A entrevista ao Presidente da AFIA, José Couto, foi gravada antes do anúncio da retoma da produção da Volkswagen Autoeuropa, para o início de outubro
Para o presidente da Associação de Fabricantes Portugueses da Indústria Automóvel, as empresas nacionais do setor “mereciam” contribuir mais para a Autoeuropa, a fábrica da Volkswagen em Palmela
in Dinheiro Vivo / TSF, por Bruno Contreiras Mateus (Dinheiro Vivo) e Ana Maria Ramos (TSF), 16-09-2023
No balanço da primeira semana de paralisação da produção na Autoeuropa, por falta de uma peça fundamental para o T-Roc, José Couto, presidente do Conselho de Administração da AFIA, Associação de Fabricantes Portugueses da Indústria Automóvel, realça que o impacto é significativo nas empresas fornecedoras da fábrica da Volkswagen em Palmela, que tiveram de dispensar alguns trabalhadores e de colocar outros em lay-off. Após uma paragem inicialmente prevista de nove semanas, ontem a empresa avançou, numa nota aos trabalhadores, que vai retomar a produção no início de outubro, depois de ter garantido o fornecimento do componente em falta. José Couto adianta, no entanto, que a AFIA está a avaliar o impacto desta antecipação, já que o esforço feito para reduzir custos terá agora consequências na recolocação dos trabalhadores, num processo que poderá ser moroso.

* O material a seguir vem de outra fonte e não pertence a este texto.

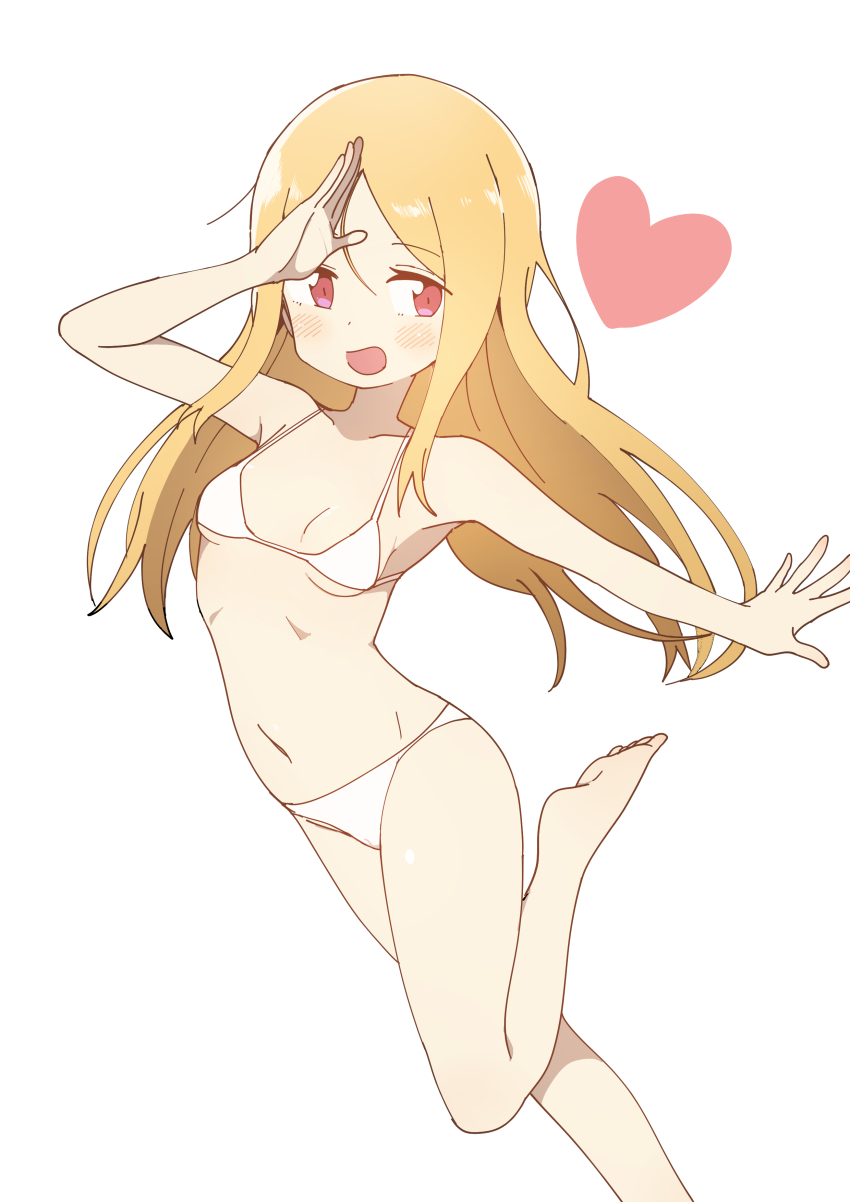 1girl, absurdres, bikini, blonde_hair, blush, breasts, bural_chingu, feet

Que impacto está a ter nas empresas vossas associadas a paragem da fábrica de Palmela, do grupo Volkswagen?
Contribuímos com poucos componentes para a Autoeuropa. Mas, no seu todo, serão à volta de 30 fabricantes que entregam direta e indiretamente componentes para o T-Roc [o modelo produzido] e, portanto, para a fabricação da Volkswagen. O impacto, mesmo assim, é significativo, porque a paragem da Autoeuropa determina também a paragem destes fornecedores – é uma situação em cadeia, um dominó. Temos desde empresas que vão parar a 100% a outras com um impacto na ordem dos 10% da sua produção. Estimamos que poderá haver cinco mil trabalhadores afetados. Não temos ainda a conta certa relativamente a trabalhadores que estavam contratados em regime de trabalho temporário porque, há um mês, a Volkswagen tinha uma expectativa de produção altíssima e, portanto, as empresas tiveram que contratar mais trabalhadores para responderem a essas necessidades, tiveram que lhes dar formação, capacitá-los para poderem trabalhar nas linhas. Mas todo este esforço, um mês antes, ruiu no final de agosto.
Avançou na imprensa que o impacto é importante, mas não é desastroso. O que significa?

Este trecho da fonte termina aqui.